The sun sets and a curious pang of hunger haunts an empty stomach. For a moment, panic strikes. What’s for dinner? Frantically, one searches for a solution to fill the void. This meal is an ever-changing story and never finished tale.

When my family was much younger, I would load the double stroller with two little ones and walk to the Aldi’s grocery a couple of blocks away. Wind, cold, humidity or sun, I would push those babies over broken pavement through that old St. Louis neighborhood with only twenty-five dollars in my pocket. Since my husband and I shared one car, he drove to school. But I could fill the stroller bag with enough groceries to feed my family for a week. Pasta, Top Ramen, caned veggies, and milk, it was no gourmet meal. But dinner was served.

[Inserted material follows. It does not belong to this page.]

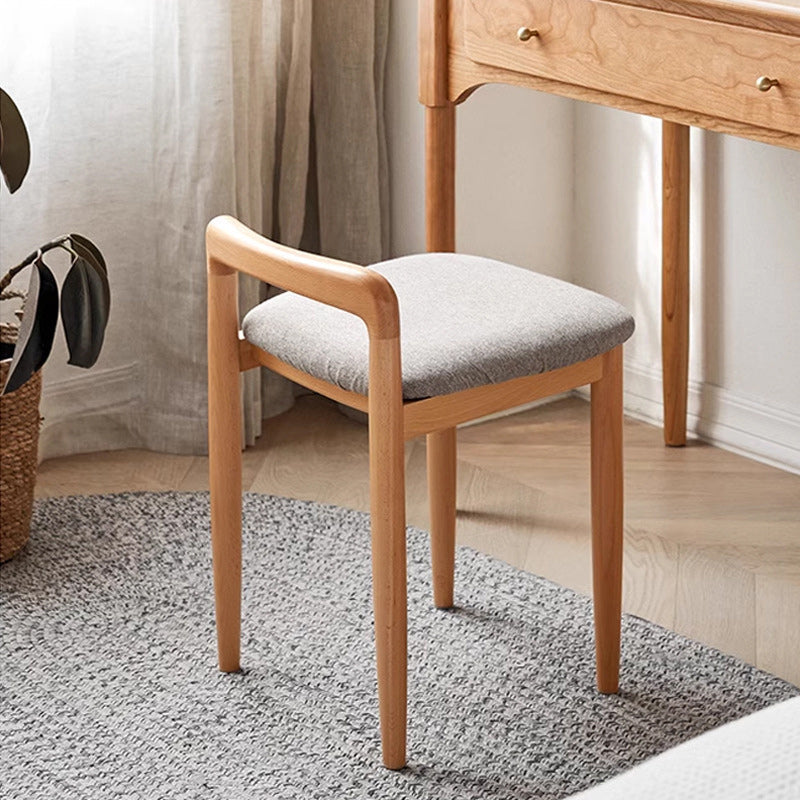 Tabouret de coiffeuse carré en lin et coton traditionnel japonais, sans dossier ni accoudoirs, pour chambre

As our family grew, places and menus changed. Tucked in the middle of swamp lands in Georgia, the nearest grocery store was a quick twelve-minute drive away. Three, then four, then five kiddos strapped into the minivan as we took off with coupons in hand. At the store, the baby cuddled in a sling, the small one sat in the shopping cart, and the other three each held onto the side of the basket. “One hand on!” Everyone had their spot, and if anyone stepped in front, they would be hit. I would meticulously plan lists to coordinate with the sales of the week and the children’s taste buds. Greens and frozen Okra, biscuits and sausage gravy, fresh shrimp and grits appeared on our southern table. Due to the large number of kiddos, most of it ended up on the floor. Yet, dinner was served.

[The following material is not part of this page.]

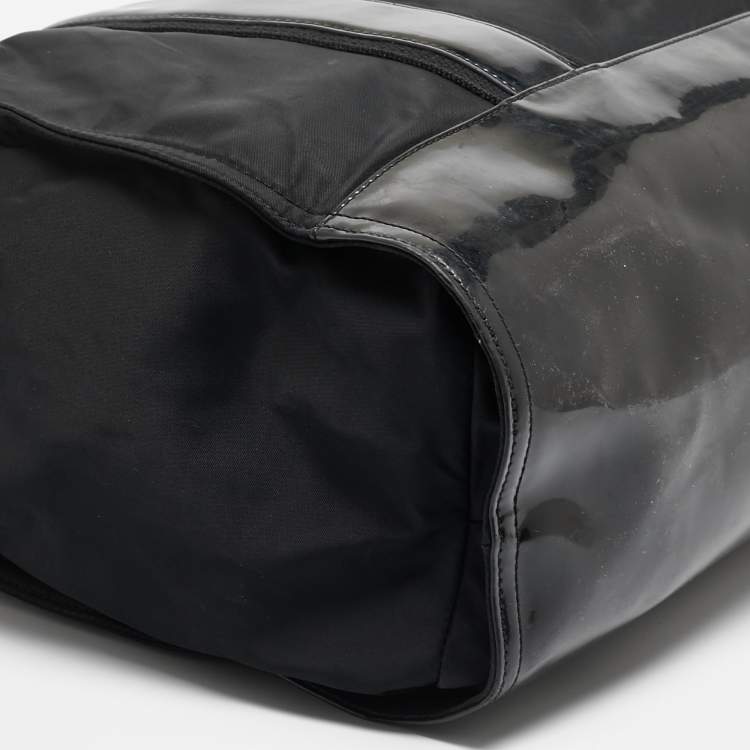 Pre Owned Tory Burch Black Patent Leather and Nylon Large Ella Tote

Now, our dinner table has moved once again to Southern California. We stepped back into the eternal sunshine, and we were instantly greeted with large, juicy, sweet strawberries. Oranges, avocados, lettuces and produce of every kind overflowed from the local farmer’s market. The kids are now old enough that I can shop in blissful silence, pushing a cart or carrying my reusable grocery bag without even one little voice asking for a snack. My list is less structured, and most of my fresh veggies come from the front yard garden that my husband tends. Many nights, one of our four daughters will make dinner for the family; we enjoy both the successes and the failures brought to the table. Still, dinner is served.

We have all eaten so many meals over our lifetime, some that we can remember, even more that we will forget. Depending on where we lived, our vocation at the time, and who shared our heart and home, our dinner table has changed over the years. Fancy restaurants, single barstools, messy highchairs. We have eaten the quick fast food dinners with disposable forks. We can remember painfully silent meals in evenings of sadness. We cherish the memories of the celebration meals set with sparking china, good silver, and glowing candles. Every meal was not the same, but each dinner offered nourishment for life. We have been strengthened and shaped by gifts that were given to us each and every night at our table. Poor or rich, bounty or famine, every bite pieces together and preserves who we are today.

Reflecting on all the dinners of my life, I have learned to recklessly expect one thing every night: dinner. The good hand of God keeps providing our daily bread, even without our prayer, no matter if it comes from the deep freezer or the sushi restaurant. He daily and richly provides everything that belongs to the support and wants of the body, such as meat, drink, clothing, shoes, house, homestead, field, cattle, money, goods, a pious spouse, pious children, pious and faithful magistrates, good government, good weather, peace, health, discipline, honor, good friends, faithful neighbors, and the like.

I can boldly look forward to tomorrow, next week, and next year, when God will feed me again. I’m not exactly sure from where the food will come or with whom I’ll be sharing that meal. I’m not sure if I’ll be feasting on choice meats or drinking bitter tears. I can’t say if He will feed me the common food of this world or the Great Feast of the world to come. But dinner will be served.